La desproporcionada respuesta militar por parte de las fuerzas de seguridad birmanas a los ataques de ARSA han puesto de manifiesto el papel central que las poderosas Fuerzas Armadas pretenden seguir jugando en Myanmar. Tras décadas de férrea dictadura militar, el proceso de transición había dado lugar a un delicado equilibrio entre las fuerzas políticas y militares, que la crisis en Rakhine ha roto, dejando en evidencia la incapacidad de los poderes civiles de controlar y ejercer autoridad sobre el estamento militar. Pese a los múltiples llamamientos por parte de la comunidad internacional y de las organizaciones de derechos humanos para que se pusiera fin a la operación militar que estaba dejando tras de sí un éxodo masivo de población rohingya, las autoridades civiles no pusieron fin a la operación militar sin precedentes en la que se cometieron atroces violaciones de derechos humanos. De hecho, la propia Aung San Suu Kyi, no se desplazó a la zona afectada por el conflicto armado hasta el mes de noviembre y el Gobierno negó en repetidas ocasiones las acusaciones de genocidio y limpieza étnica.
Aunque la violencia de mayor intensidad ha remitido, se ha iniciado un proceso de militarización del estado de Rakhine, con un amplio despliegue de las fuerzas de seguridad que han ocupado amplias zonas civiles. Este despliegue, unido a la destrucción de poblaciones enteras que fueron arrasadas y quemadas, hace prever que el retorno al estado de los centenares de miles de personas desplazadas por la violencia está seriamente en riesgo. Así pues, la crisis humanitaria de desplazamiento –que actualmente tiene un carácter internacional, puesto que es Bangladesh el país donde se ha refugiado la inmensa mayoría de la población rohingya– amenaza con perpetuarse en el tiempo, con el consiguiente impacto en las condiciones de vida de centenares de miles de personas. La militarización de Rakhine, por tanto, no solo amenaza la fragilidad de las estructuras políticas civiles del país, construidas en los últimos años de transición, sino que también llevará con toda probabilidad al enquistamiento de la crisis humanitaria. Tampoco pueden descartarse nuevas acciones militares de la insurgencia rohingya, y el grupo armado ARSA, que ha estado inactivo en los últimos meses, podría llevar a cabo de nuevo ataques contra las fuerzas de seguridad o contra población rakhine. Además, el yihadismo internacional podría tratar de interferir en este conflicto, que hasta el momento ha permanecido ajeno a estas dinámicas. Grupos armados como ISIS o al-Qaeda ya han hecho algunos llamamientos a dar apoyo a la causa rohingya.
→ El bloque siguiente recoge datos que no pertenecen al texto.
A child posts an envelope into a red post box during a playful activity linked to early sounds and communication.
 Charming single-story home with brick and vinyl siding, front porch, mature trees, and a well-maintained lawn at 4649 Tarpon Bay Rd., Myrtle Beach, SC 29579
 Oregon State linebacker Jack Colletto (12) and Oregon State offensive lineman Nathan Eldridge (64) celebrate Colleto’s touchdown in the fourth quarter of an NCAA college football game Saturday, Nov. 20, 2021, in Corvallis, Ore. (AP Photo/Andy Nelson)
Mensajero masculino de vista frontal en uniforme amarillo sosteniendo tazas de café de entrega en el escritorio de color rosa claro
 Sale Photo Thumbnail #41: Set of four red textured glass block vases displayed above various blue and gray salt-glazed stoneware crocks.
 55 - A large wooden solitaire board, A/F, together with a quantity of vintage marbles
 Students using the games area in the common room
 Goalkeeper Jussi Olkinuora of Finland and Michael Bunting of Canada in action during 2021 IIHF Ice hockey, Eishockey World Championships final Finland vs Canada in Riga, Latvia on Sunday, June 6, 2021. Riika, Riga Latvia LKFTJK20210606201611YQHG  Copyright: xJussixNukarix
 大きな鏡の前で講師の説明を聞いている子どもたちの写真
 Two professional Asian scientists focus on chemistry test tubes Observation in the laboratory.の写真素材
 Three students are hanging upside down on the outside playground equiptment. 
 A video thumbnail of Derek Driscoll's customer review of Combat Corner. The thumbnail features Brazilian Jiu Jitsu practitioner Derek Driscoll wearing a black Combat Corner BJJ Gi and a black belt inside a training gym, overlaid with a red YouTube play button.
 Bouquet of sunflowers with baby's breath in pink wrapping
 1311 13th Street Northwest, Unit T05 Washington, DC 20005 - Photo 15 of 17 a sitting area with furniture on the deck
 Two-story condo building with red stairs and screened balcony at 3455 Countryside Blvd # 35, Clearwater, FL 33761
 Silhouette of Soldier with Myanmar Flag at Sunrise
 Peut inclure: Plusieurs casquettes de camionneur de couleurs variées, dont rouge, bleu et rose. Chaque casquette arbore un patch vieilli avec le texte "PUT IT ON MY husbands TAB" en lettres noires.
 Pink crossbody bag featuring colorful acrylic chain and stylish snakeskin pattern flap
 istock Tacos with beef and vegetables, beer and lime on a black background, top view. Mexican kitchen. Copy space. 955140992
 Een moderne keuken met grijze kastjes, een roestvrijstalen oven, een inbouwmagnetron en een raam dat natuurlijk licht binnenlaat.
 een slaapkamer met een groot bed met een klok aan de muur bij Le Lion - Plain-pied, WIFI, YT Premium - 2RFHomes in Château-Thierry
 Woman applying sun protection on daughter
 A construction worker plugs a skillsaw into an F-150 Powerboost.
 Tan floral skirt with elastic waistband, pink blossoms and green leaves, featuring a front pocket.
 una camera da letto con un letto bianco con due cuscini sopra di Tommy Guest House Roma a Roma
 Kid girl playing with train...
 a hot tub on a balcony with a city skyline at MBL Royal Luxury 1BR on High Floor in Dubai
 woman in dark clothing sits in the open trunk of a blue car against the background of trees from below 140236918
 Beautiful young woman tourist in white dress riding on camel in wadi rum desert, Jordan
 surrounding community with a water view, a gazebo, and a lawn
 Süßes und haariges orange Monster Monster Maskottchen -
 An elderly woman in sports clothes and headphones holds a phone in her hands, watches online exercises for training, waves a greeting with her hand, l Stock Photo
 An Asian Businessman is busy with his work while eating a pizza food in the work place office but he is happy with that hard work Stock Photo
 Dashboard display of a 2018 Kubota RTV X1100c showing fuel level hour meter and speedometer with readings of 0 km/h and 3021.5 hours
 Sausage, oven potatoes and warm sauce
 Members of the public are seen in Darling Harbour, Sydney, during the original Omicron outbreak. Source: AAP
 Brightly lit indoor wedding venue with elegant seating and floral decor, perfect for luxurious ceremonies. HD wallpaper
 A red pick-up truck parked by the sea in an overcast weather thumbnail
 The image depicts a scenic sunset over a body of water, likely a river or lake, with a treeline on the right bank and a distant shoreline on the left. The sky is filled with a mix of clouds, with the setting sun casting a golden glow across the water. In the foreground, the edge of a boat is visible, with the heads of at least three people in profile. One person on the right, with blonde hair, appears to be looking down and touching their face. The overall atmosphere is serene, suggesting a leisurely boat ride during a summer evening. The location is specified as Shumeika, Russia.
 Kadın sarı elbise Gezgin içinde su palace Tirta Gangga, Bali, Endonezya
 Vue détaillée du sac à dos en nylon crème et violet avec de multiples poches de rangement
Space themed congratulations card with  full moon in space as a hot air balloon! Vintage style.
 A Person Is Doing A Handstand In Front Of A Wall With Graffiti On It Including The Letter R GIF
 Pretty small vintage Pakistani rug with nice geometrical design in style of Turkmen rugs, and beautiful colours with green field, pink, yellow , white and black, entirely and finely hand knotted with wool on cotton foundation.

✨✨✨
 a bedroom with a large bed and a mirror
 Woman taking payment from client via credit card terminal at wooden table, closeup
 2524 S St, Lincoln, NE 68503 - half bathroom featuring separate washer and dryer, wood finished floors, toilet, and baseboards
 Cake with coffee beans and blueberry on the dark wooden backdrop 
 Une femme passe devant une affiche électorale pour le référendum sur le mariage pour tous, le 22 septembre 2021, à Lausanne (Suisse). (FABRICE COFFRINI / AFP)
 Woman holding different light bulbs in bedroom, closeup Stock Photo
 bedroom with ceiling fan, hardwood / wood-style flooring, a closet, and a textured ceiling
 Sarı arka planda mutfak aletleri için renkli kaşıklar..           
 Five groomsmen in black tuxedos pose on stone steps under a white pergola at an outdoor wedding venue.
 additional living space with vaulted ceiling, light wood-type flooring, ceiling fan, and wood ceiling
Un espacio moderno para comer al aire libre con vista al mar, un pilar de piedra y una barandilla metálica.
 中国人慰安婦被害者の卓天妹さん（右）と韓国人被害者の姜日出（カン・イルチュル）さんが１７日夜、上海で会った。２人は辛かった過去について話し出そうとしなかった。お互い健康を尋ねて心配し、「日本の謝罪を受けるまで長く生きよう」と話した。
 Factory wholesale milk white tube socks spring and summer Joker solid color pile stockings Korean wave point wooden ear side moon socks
La activista Razia Sultana en el Consejo de Seguridad de la ONU.UN Photo/Mark Garten
Por otra parte, la crisis en el estado de Rakhine también puede tener un impacto muy negativo en el proceso de paz que se está llevando a cabo con un amplio número de grupos armados de oposición y que se ha materializado en un acuerdo de alto el fuego de alcance nacional y en la celebración de la Conferencia de Paz Panglong 21. Sin embargo, persisten enormes dificultades para lograr avances sustantivos en el marco de esta Conferencia, fundamentalmente por la exclusión de los grupos armados que no han firmado acuerdos de alto el fuego, pero indudablemente, la crisis de derechos humanos desencadenada tras la operación militar en el estado Rakhine representa un nuevo obstáculo para lograr definitivamente acuerdos de alto el fuego con todos los grupos insurgentes y avances en las reivindicaciones de las diferentes minorías étnicas que componen el país. La situación de seguridad en Rakhine ha impedido la celebración de procesos de consultas y de diálogo nacional asociados al proceso de paz, lo que ha derivado que se pospongan nuevas sesiones de la Conferencia Panglong 21, por esta y otras dificultades.
Todos estos factores amenazan el futuro inmediato de Myanmar y han puesto de relieve la incapacidad tanto de las autoridades civiles como de la comunidad internacional para detener la masacre de la población rohingya. En el futuro inmediato, se deberá hacer frente a las acusaciones de genocidio y limpieza étnica y, desde instancias internacionales, promover una investigación independiente de lo sucedido que permita la rendición de cuentas ante la justicia internacional.